论文标题
基于DNN的掩模估计,用于空间不受限制麦克风阵列中的分布式语音增强
DNN-based mask estimation for distributed speech enhancement in spatially unconstrained microphone arrays
论文作者
论文摘要
麦克风阵列中的基于深层神经网络(DNN)基于语音增强算法现已证明是在嘈杂环境中的语音理解和语音识别的有效解决方案。但是,在临时麦克风阵列的背景下,仍然存在许多挑战,并提高了分布式处理的需求。在本文中,我们建议扩展一个先前引入的基于DNN的分布式时频掩盖估计方案,该方案可以有效地以所谓的压缩信号形式使用空间信息,这些信息是预滤波的目标估计。我们在现实的声学条件下研究了该算法的性能,并研究其最佳应用的实际方面。我们表明,麦克风阵列中的节点通过获利的空间覆盖范围来配合。我们还建议使用压缩信号不仅传达目标估计,而且传达噪声估计,以利用整个麦克风阵列中记录的声学多样性。
Deep neural network (DNN)-based speech enhancement algorithms in microphone arrays have now proven to be efficient solutions to speech understanding and speech recognition in noisy environments.
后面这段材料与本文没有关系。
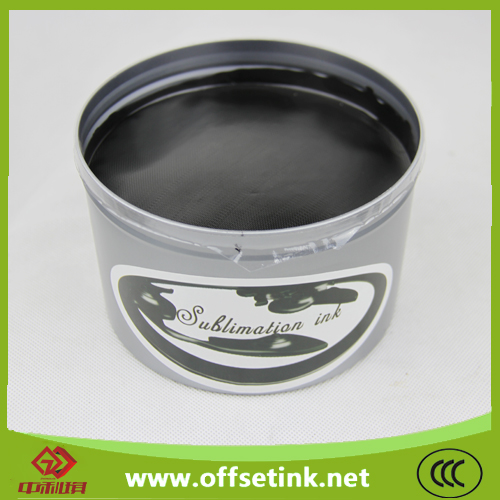 Newest sublimation offset ink of good quality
However, in the context of ad-hoc microphone arrays, many challenges remain and raise the need for distributed processing. In this paper, we propose to extend a previously introduced distributed DNN-based time-frequency mask estimation scheme that can efficiently use spatial information in form of so-called compressed signals which are pre-filtered target estimations. We study the performance of this algorithm under realistic acoustic conditions and investigate practical aspects of its optimal application. We show that the nodes in the microphone array cooperate by taking profit of their spatial coverage in the room. We also propose to use the compressed signals not only to convey the target estimation but also the noise estimation in order to exploit the acoustic diversity recorded throughout the microphone array.